Absolutely. You can bake the cheesecake in a regular oven at 300F for 25 to 30 minutes, then turn the oven off and leave it inside with the door closed to cool for 1 hour. Follow the baking instructions in my cheesecake recipe for every detail!
This air fryer cheesecake recipe is an excellent recipe to make ahead of time! Cook and cool the cheesecake as directed, then place a kitchen towel or paper towel over the top of the pan and loosely cover the pan with foil. Refrigerate for up to 2 days before removing it from the pan and serving.
If you’ve tried this air fryer cheesecake recipe, then don’t forget to rate it and let me know how you got on in the comments below. I love hearing from you!
Air Fryer Cheesecake
Equipment
- Air fryer
- 7” or 8” springform pan
Ingredients
For the Crust:
- 1¼ cups graham cracker crumbs (150g)
- 3 tablespoons unsalted butter melted
- 2 tablespoons granulated sugar
For the Filling:
- 2 (8-ounce/227g) blocks cream cheese softened
- ⅔ cup granulated sugar (133g)
- 2 large eggs room temperature
- ½ cup sour cream room temperature, (120g)
- 2 teaspoons vanilla extract
Instructions
For the Crust:
- Lightly grease a 7- to 8-inch springform pan.
- Combine the cracker crumbs, melted butter, and sugar in a medium bowl, and stir together until the crumbs feel like wet sand. Press the mixture firmly into the bottom of the greased pan. (Do not press up the sides.) Freeze while making the filling.
For the Filling:
- Using an electric mixer on medium speed, beat the cream cheese in a large bowl until smooth. Add the sugar and beat until combined. Add the eggs, one at a time, and beat until each are well incorporated, stopping to scape down the sides of the bowl occasionally. Add the sour cream and vanilla, and beat just until smooth.
- Pour the cheesecake filling over the frozen crust, then gently tap the pan several times on the counter to remove any large air bubbles.
- Carefully place the pan in the air fryer basket.
- Air fry on the Bake setting at 300°F until the center barely wobbles, about 20 minutes. If needed, continue cooking 2 minutes intervals until the cheesecake is done.

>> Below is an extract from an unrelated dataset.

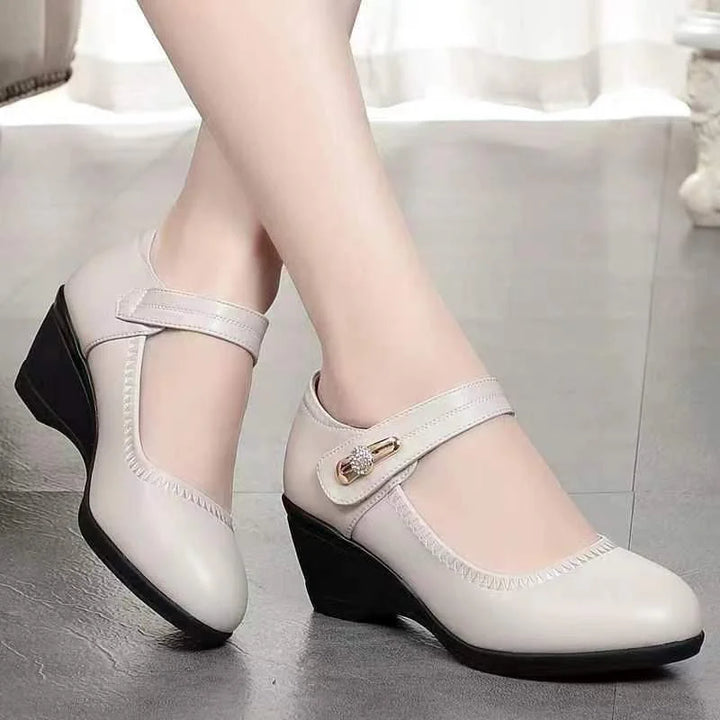 LYDIA MID-HEEL COMFORT SHOES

- Once the cheesecake is done, turn off the air fryer, crack the air fryer basket, and let it cool for 30 minutes.
- Remove the pan from the basket and cool completely on a wire rack. Cover and chill for at least 4 hours or overnight. Serve each slice with fresh fruit and whipped cream or cherry pie filling.
Notes
- Use room temperature ingredients. They blend easier to form a smooth cheesecake filling. Using cold ingredients will form lumps in the cheesecake mixture.

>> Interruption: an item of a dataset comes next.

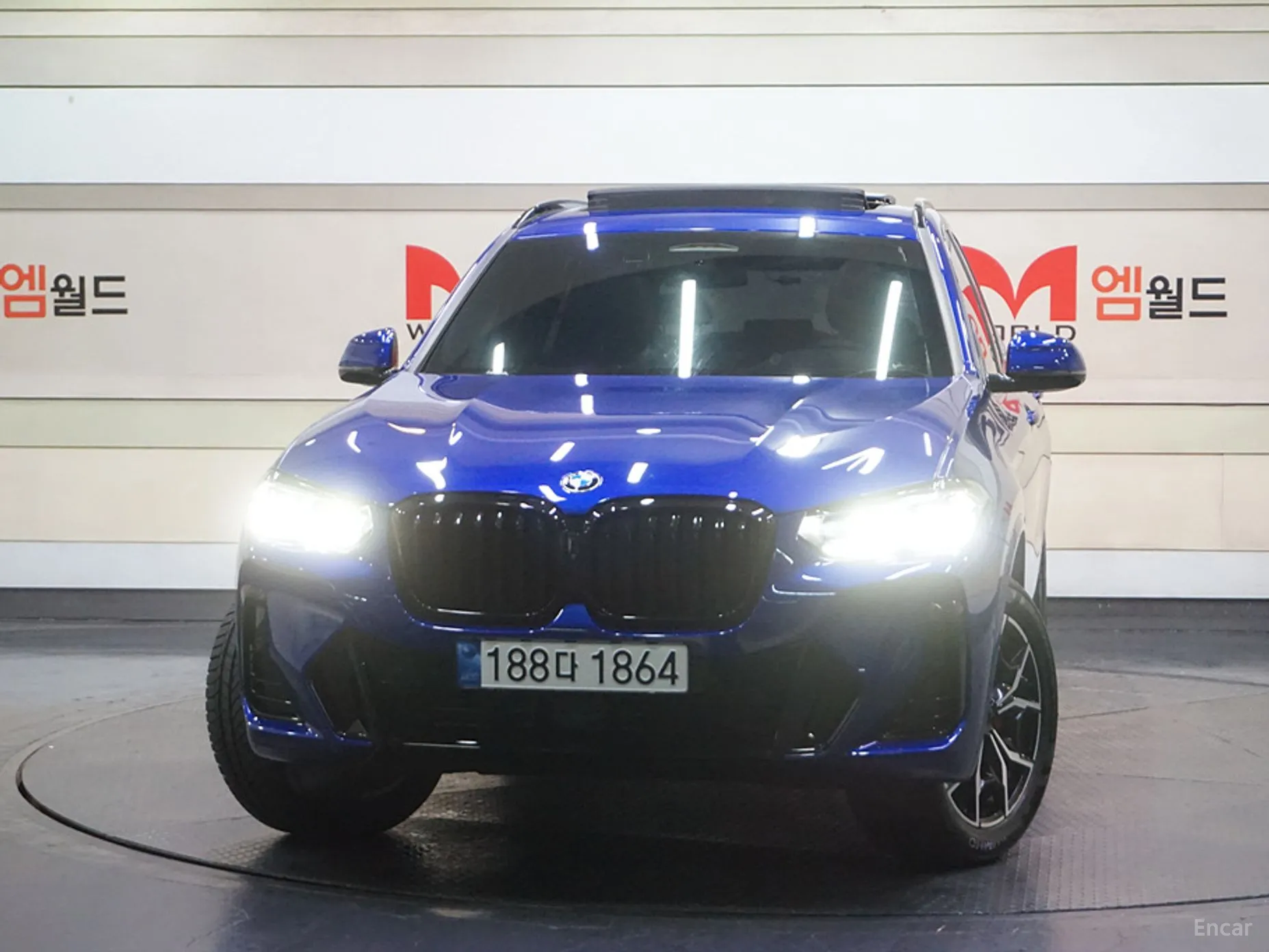 BMW X3 (G01) превью 2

- Make your own graham cracker crumbs. I used store-bought graham cracker crumbs to save time, but you can make your own by smashing graham crackers with a rolling pin or crushing them in a food processor. Find tips and an exact method in my graham cracker crust recipe.

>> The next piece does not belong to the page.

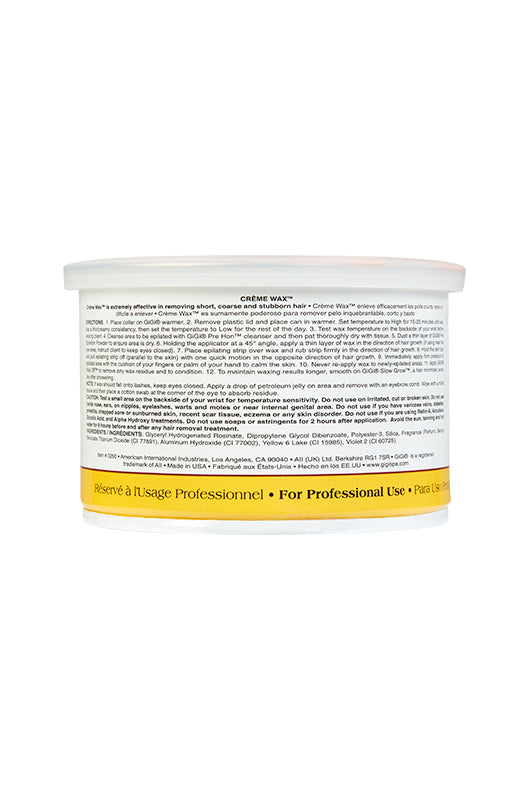 GiGi Crème Wax 14 oz - 3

- Don’t preheat the air fryer. For this recipe, you don’t need to unless your model recommend preheating before use.
- Don’t set the air fryer to too high a temperature. Higher temperatures will brown the top too much. I found that 300°F was a happy medium for the perfect texture, and in less time than cooking at lower temperatures. If you cheesecake is browning a lot early on in the cooking time, loosely cover the pan with foil.
- Every air fryer is different. Brands can vary widely when it comes to heat, so keep an eye on your air fryer cheesecake. It might need more or less time than I have stated depending on which one you have.
- Let the cheesecake cool in the air fryer basket first. The residual heat will help it set up more, as well as prevent cracks from forming from sudden temperature changes.
- For neat slices: Use a large knife dipped in hot water to slice the cheesecake, and wipe it clean between cuts.